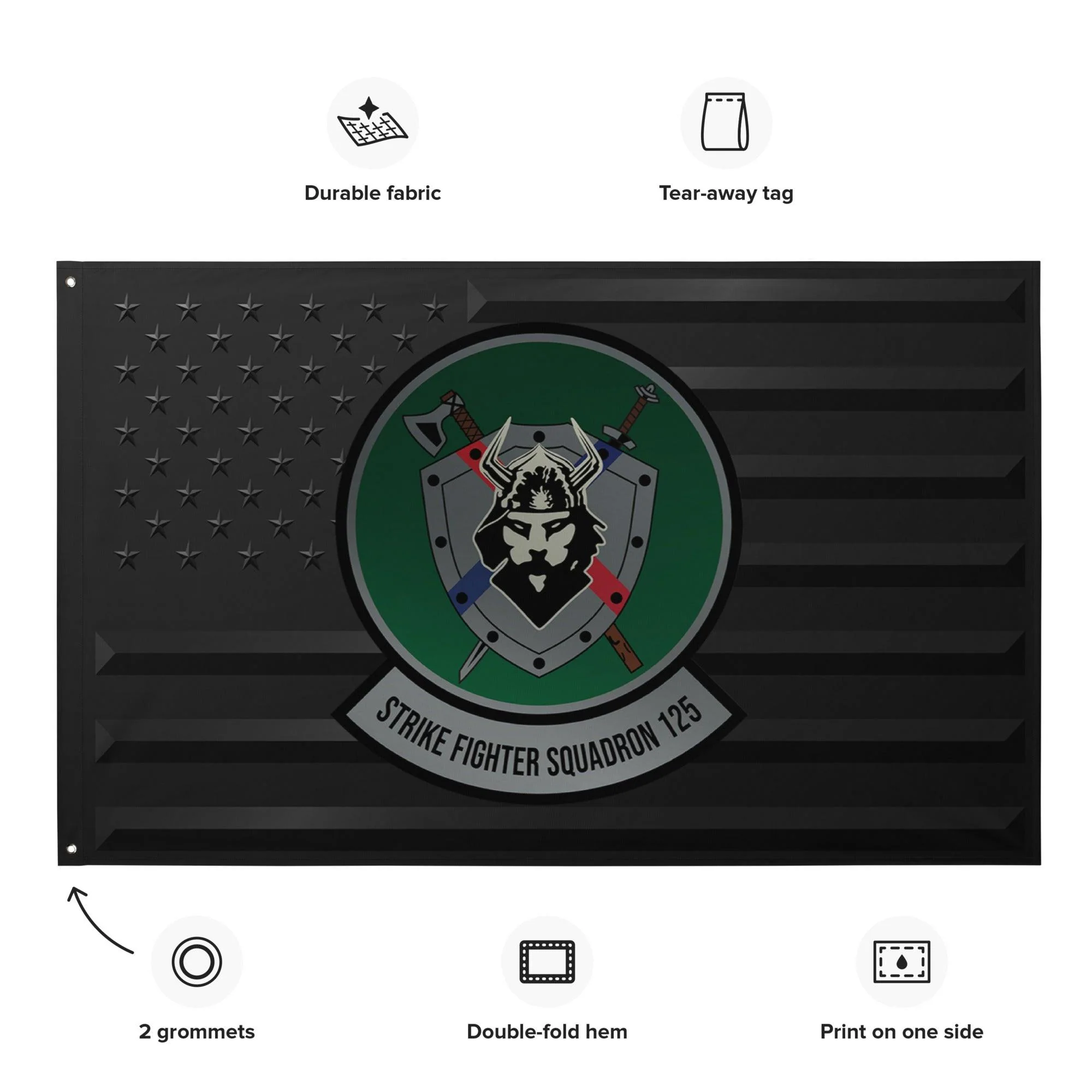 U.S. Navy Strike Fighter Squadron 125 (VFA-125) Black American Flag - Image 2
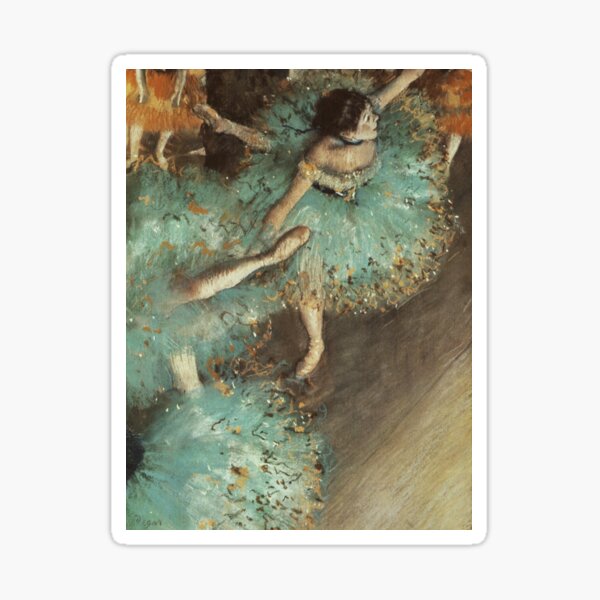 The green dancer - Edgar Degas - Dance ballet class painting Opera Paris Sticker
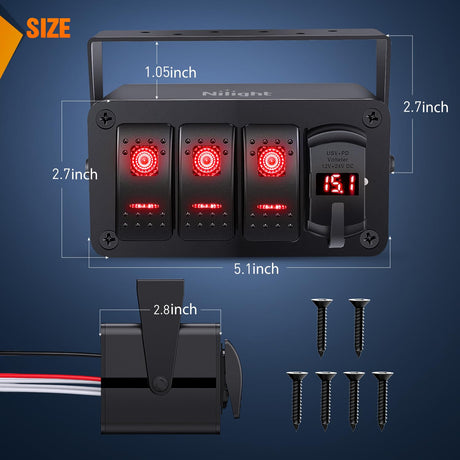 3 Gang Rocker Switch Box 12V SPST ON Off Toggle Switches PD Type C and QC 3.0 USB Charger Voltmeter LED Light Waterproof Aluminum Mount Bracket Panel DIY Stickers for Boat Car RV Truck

> _Problem to work on_: Set down every line above exactly, pictures excluded.

> _Output below_:
 U.S. Navy Strike Fighter Squadron 125 (VFA-125) Black American Flag - Image 2
 The green dancer - Edgar Degas - Dance ballet class painting Opera Paris Sticker
 3 Gang Rocker Switch Box 12V SPST ON Off Toggle Switches PD Type C and QC 3.0 USB Charger Voltmeter LED Light Waterproof Aluminum Mount Bracket Panel DIY Stickers for Boat Car RV Truck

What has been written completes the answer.